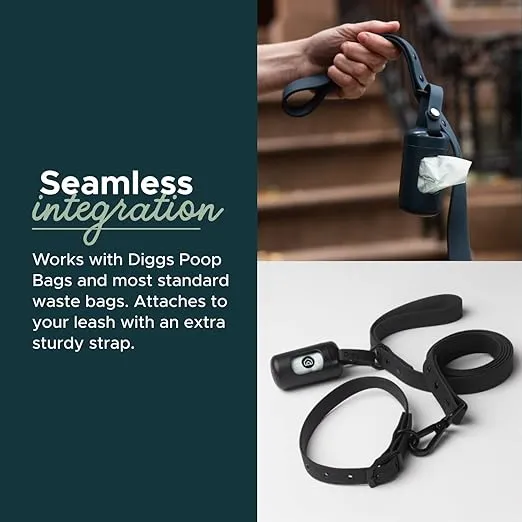 Diggs Dog Poop Bag Dispenser/Holder for Leash - Metal Snap Leash Clip - Case for Poop Bags -Doggie Bag Holder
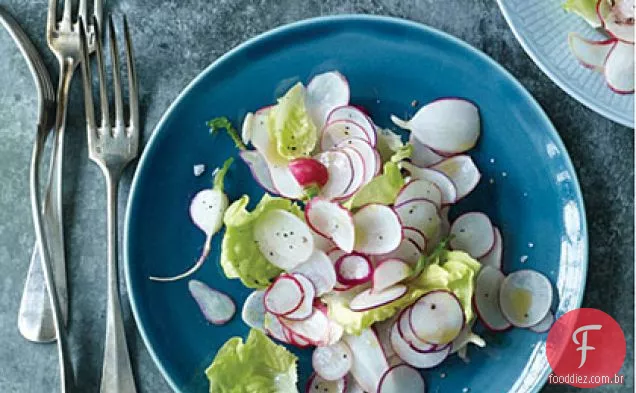 Salada de alface e rabanete de Boston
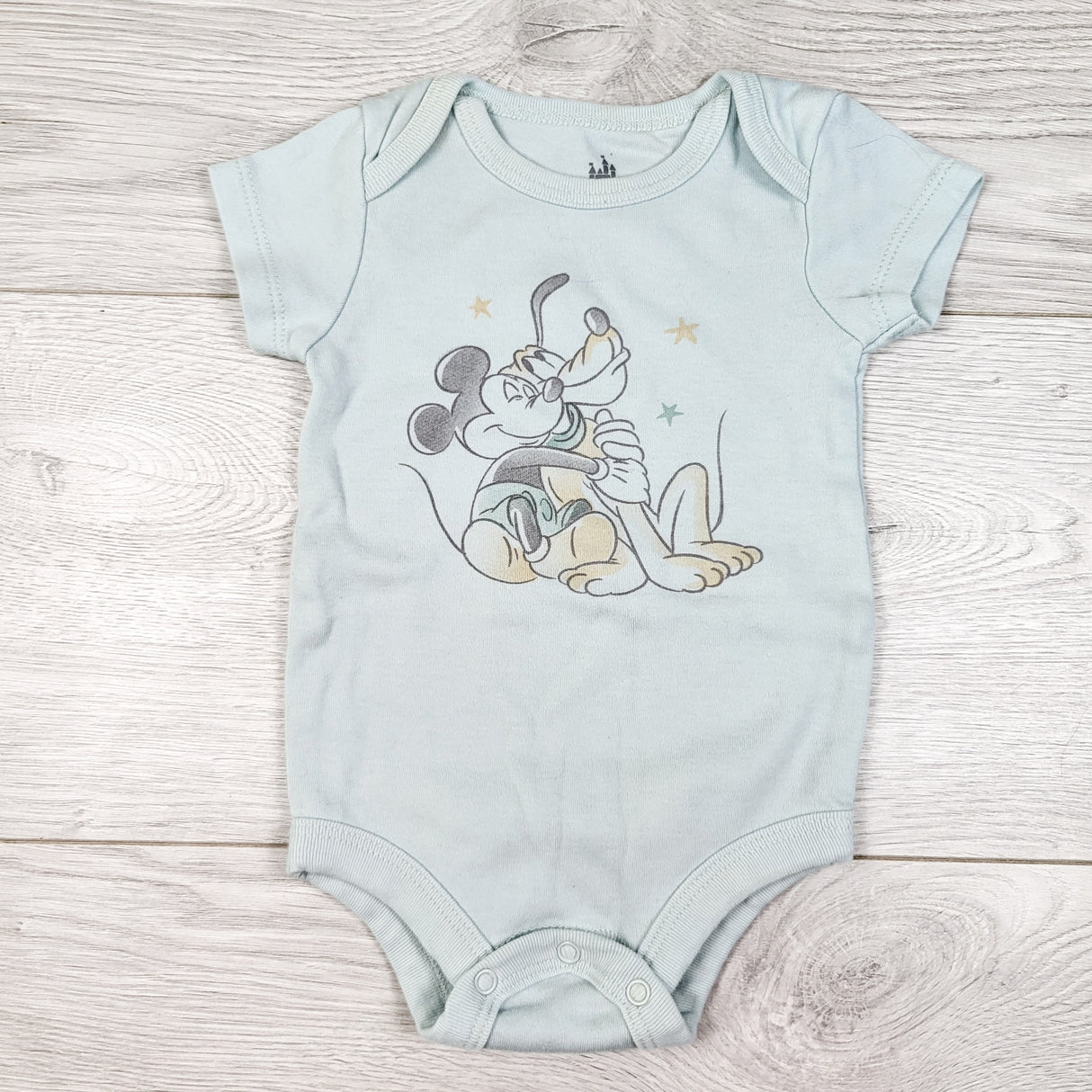 Disney Baby pale blue Mickey Mouse bodysuit. Size 0-3 months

● ● ● ● ● ● ●

### [Work instructions]
The answer should be the complete listing, set down exactly, without pictures.

### [Output of the task]
 Diggs Dog Poop Bag Dispenser/Holder for Leash - Metal Snap Leash Clip - Case for Poop Bags -Doggie Bag Holder
 Salada de alface e rabanete de Boston
 Disney Baby pale blue Mickey Mouse bodysuit. Size 0-3 months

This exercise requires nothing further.